__Data shown__.
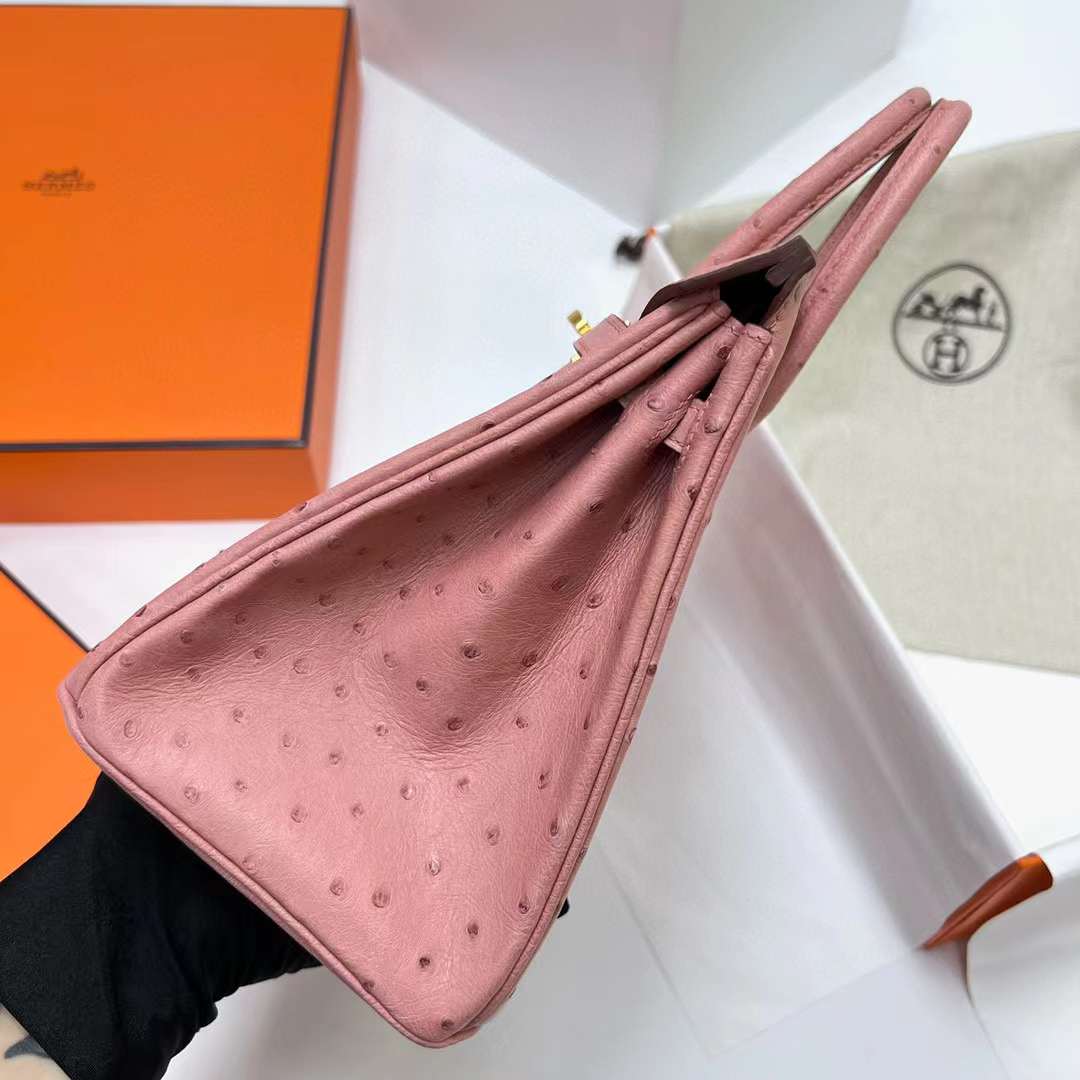 Hermès（爱马仕）Birkin 铂金包 Ostrich 进口鸵鸟皮 Ck94 陶瓷粉 金扣 25cm 全手工蜡线缝制 Ghw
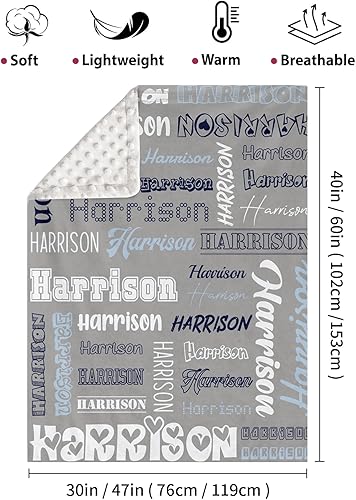 Miniatura 2 de Manta personalizada con nombre de bebé, súper suave y cómoda para recién nacidos, mantas personalizadas con nombre, regalos personalizados para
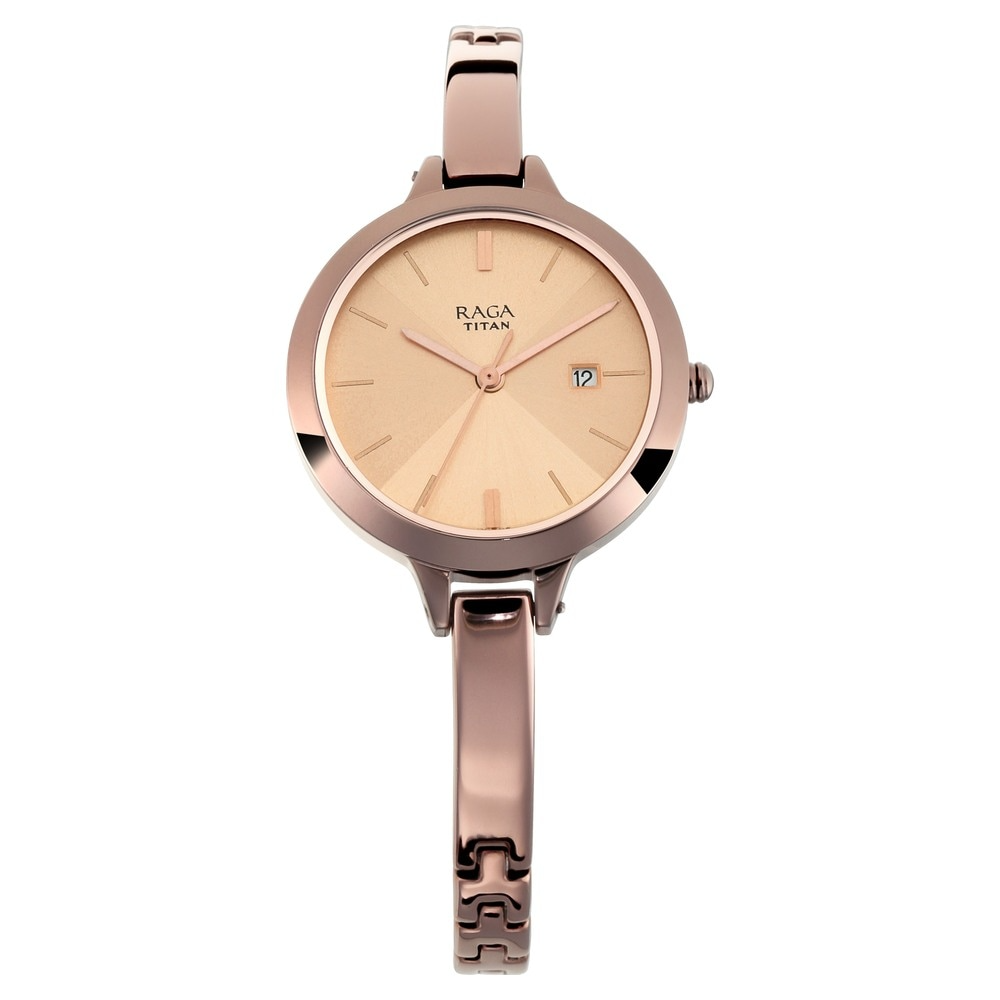 Titan Raga Rose Gold Dial Metal Strap Watch 2578QM01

__Exercise description__. Your task is to repeat, word for word and with no picture, every line from the one that contains "Miniatura 2 de" through the last line of the data.

__Answer for the task__.
 Miniatura 2 de Manta personalizada con nombre de bebé, súper suave y cómoda para recién nacidos, mantas personalizadas con nombre, regalos personalizados para
 Titan Raga Rose Gold Dial Metal Strap Watch 2578QM01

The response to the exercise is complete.